▶ **Exercise requirements**:
Recreate the listing that follows line for line, without pictures.

▶ **Data segment**:
________

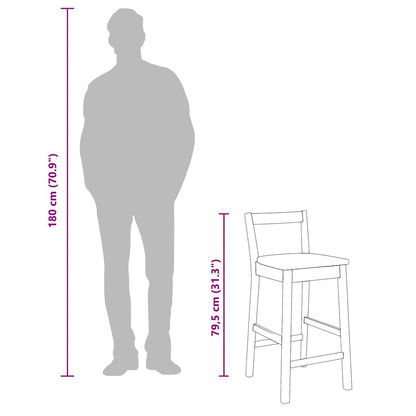 Sgabelli da Bar 2 pz Bianchi in Legno Massello di Hevea - homemem39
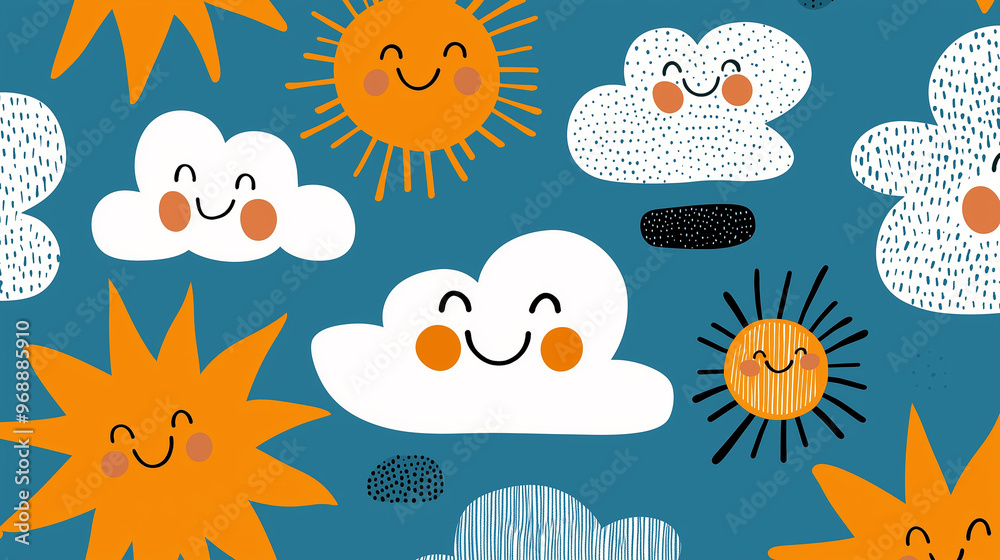 Fluffy Clouds and Smiling Suns: A Cute Sky Wallpaper Fluffy Clouds and Smiling Suns: A Cute Sky Wallpaper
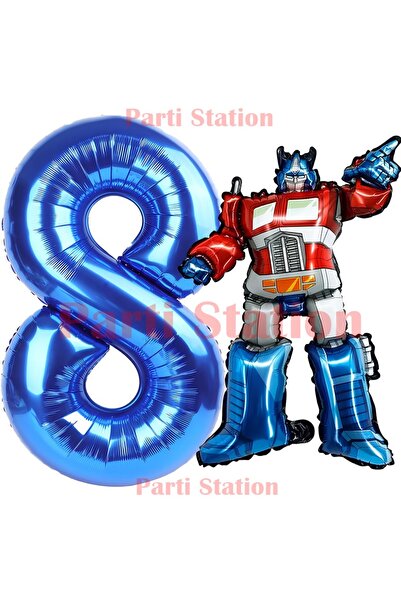 Parti Station Transformers Optimus Prime 8 Yaş Doğum Günü Balon Seti Folyo Ra...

________

▶ **Exercise answer**:
 Sgabelli da Bar 2 pz Bianchi in Legno Massello di Hevea - homemem39
 Fluffy Clouds and Smiling Suns: A Cute Sky Wallpaper Fluffy Clouds and Smiling Suns: A Cute Sky Wallpaper
 Parti Station Transformers Optimus Prime 8 Yaş Doğum Günü Balon Seti Folyo Ra...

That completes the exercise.